Another post on package compilation time

Albert_Zevelev · June 25, 2020, 12:15am

Let me start by saying I’m very new to issues regarding compilation.
(I never heard of compilation when I used Matlab-R-STATA.)

Suppose I load a Julia package AAA.jl with one function f(x,y) .
The first time I call f(x,y) is usually slow for a given set of argument types. But it is usually much faster after that.

using AAA
f(1,2)   # usually slow, compiles f(Int,Int)
f(1,2)   # much faster
f(2,5)   # equally fast 
f(2.0,5) # slow again, must compile f(Float,Int)
f(2.0,5) # faster

When I run the following w/ ARCHModels.jl:

using ARCHModels
@time selectmodel(TGARCH,BG96,minlags=1,maxlags=1)
@time selectmodel(TGARCH,BG96,minlags=1,maxlags=1)
@time selectmodel(TGARCH,BG96,minlags=2,maxlags=2)
@time selectmodel(TGARCH,BG96,minlags=2,maxlags=2)
@time selectmodel(TGARCH,BG96,minlags=3,maxlags=3)
@time selectmodel(TGARCH,BG96,minlags=3,maxlags=3)
@time selectmodel(TGARCH,BG96,minlags=1,maxlags=3)
@time selectmodel(TGARCH,BG96,minlags=1,maxlags=3)

The compilation time becomes slow every time I change the number of lags, even though the types of each argument is the same:

julia> 
  5.247489 seconds (18.78 M allocations: 927.158 MiB, 6.23% gc time)
  0.005477 seconds (2.68 k allocations: 212.594 KiB)
  1.121684 seconds (3.90 M allocations: 183.957 MiB, 4.12% gc time)
  0.012191 seconds (10.07 k allocations: 1.081 MiB)
  1.179797 seconds (4.01 M allocations: 188.687 MiB, 5.05% gc time)
  0.018243 seconds (10.68 k allocations: 1.540 MiB)
 25.694519 seconds (90.85 M allocations: 4.179 GiB, 3.69% gc time)
  0.098000 seconds (282.74 k allocations: 32.622 MiB)

julia>

Can this be improved?

ericphanson · June 25, 2020, 1:00am

It looks like the minlags gets promoted into the type domain here, which means that this is the same compilation time as when you call a function with a new type.

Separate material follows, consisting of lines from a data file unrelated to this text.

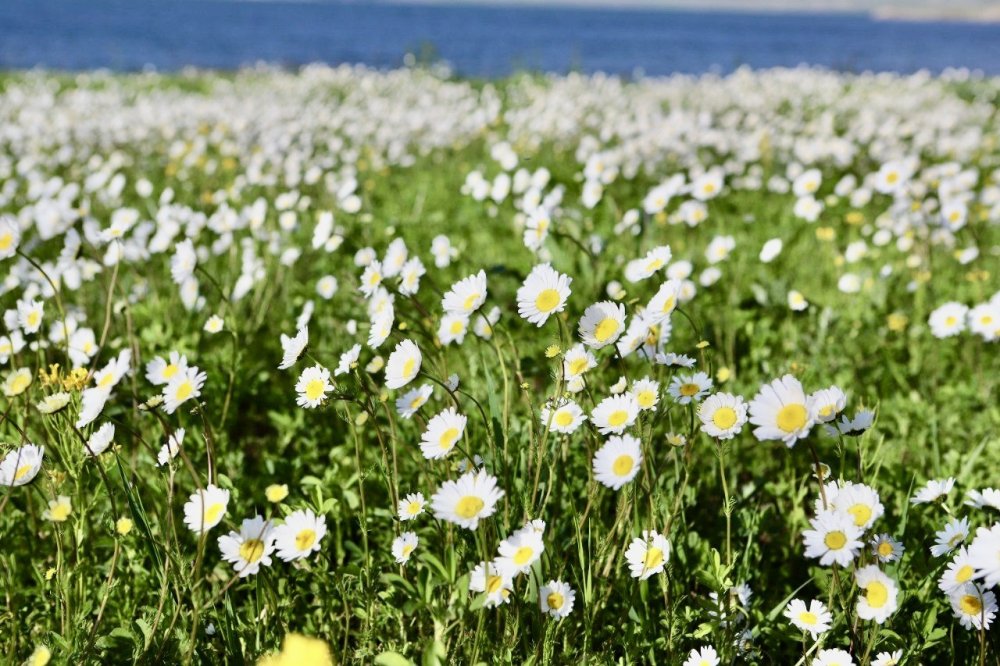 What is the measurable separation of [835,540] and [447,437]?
63 centimetres

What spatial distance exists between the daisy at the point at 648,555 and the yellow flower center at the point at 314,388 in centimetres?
63

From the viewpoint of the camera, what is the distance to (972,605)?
1281 millimetres

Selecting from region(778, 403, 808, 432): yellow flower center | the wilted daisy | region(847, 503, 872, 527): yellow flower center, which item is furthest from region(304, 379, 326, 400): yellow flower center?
region(847, 503, 872, 527): yellow flower center

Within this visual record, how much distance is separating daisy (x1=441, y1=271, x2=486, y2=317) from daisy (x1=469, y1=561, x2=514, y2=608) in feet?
1.64

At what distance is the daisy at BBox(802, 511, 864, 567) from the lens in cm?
111

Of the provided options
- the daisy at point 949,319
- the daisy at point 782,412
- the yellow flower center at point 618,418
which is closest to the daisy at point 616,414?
the yellow flower center at point 618,418

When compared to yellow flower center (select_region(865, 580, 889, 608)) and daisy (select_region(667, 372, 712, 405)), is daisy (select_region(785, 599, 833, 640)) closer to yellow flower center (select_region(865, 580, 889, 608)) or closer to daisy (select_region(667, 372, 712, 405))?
yellow flower center (select_region(865, 580, 889, 608))

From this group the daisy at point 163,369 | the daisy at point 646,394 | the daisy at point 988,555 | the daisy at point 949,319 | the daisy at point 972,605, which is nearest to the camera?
the daisy at point 988,555

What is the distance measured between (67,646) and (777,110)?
7930mm

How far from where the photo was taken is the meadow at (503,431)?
1.31 metres

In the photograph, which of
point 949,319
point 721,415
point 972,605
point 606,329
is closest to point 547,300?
point 606,329

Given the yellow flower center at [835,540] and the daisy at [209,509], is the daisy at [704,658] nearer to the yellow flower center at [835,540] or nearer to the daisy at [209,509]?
the yellow flower center at [835,540]

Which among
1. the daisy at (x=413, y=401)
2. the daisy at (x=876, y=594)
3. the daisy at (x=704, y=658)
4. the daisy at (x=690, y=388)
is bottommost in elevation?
the daisy at (x=704, y=658)

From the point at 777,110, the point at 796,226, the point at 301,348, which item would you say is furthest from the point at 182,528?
the point at 777,110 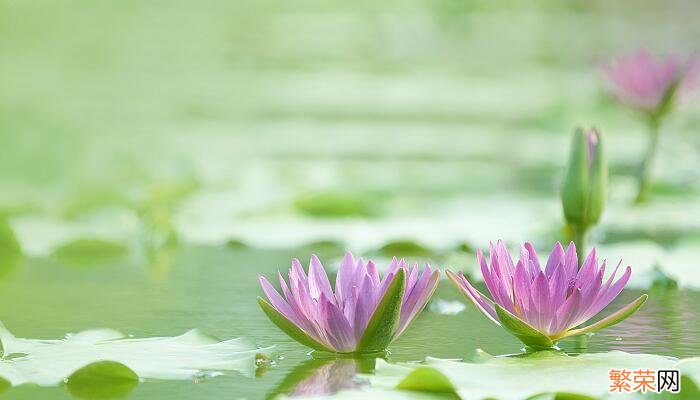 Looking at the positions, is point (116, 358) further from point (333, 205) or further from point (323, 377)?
point (333, 205)

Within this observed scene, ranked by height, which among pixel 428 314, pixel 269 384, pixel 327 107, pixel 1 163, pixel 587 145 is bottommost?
pixel 269 384

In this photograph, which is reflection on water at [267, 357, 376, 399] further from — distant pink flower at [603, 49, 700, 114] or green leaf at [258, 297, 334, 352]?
distant pink flower at [603, 49, 700, 114]

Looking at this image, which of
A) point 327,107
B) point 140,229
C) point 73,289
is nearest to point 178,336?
point 73,289

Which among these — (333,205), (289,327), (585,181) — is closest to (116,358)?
(289,327)

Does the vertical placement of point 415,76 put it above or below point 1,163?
above

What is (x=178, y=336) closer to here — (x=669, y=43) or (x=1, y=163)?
(x=1, y=163)

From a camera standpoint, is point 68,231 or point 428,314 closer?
point 428,314

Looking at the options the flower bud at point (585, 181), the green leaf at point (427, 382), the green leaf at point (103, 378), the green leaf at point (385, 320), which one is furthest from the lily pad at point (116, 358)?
the flower bud at point (585, 181)

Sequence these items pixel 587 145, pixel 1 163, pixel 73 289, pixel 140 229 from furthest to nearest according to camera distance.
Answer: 1. pixel 1 163
2. pixel 140 229
3. pixel 73 289
4. pixel 587 145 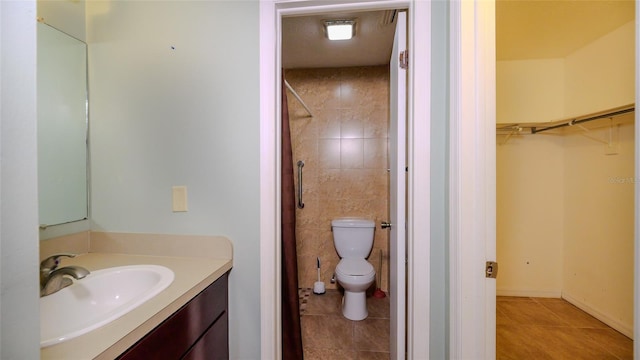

I don’t know anything about the package, but what that probably means is the author is making the tradeoff to have the compiler treat that value as a constant (meaning it has to compile a new specialisation whenever it gets a new value) to gain runtime performance.

I have a blog post about using the same trick for permuting vectors and I do some light benchmarking to show you can speed up runtime at the cost of compile time first by specialising on the length of the permutation, and then even more dramatically by specialising on the whole permutation itself. Hopefully that helps explain the technique.

Edit: So that means speeding that up is no harder or easier than the usual case, and besides the latency work by the core devs, doing things like using SnoopCompile to generate precompiles for the package could help.

Albert_Zevelev · June 25, 2020, 1:22am

Let me see if I understand bc this is all Greek to me.

The function: selectmodel(TGARCH,BG96,minlags=1,maxlags=3)
fits every lag combo of TGARCH{o,p,q} for lags 1:3.

For each combo of lags, it creates a volatility specification which itself is a new type:
VSi = VS{ind.I[1:ndims] .+ minlags .-1...}
then it fits:
res[ind] = fit(VSi, data; dist=dist, meanspec=MSi)

I think that means that selectmodel() is in fact compiled once, however, fit must compile anew for each new set of lags.

For example:
fit(GARCH{1,1}, BG96, dist=StdNormal, meanspec=Intercept)
Is different from:
fit(GARCH{1,2}, BG96, dist=StdNormal, meanspec=Intercept)

Perhaps one solutions is to quickly compile fit for different combos of lags…

ericphanson · June 25, 2020, 1:25am

Yep, exactly!

Albert_Zevelev · June 25, 2020, 1:44am

There must be a better way. I’m thinking out loud & open to suggestions.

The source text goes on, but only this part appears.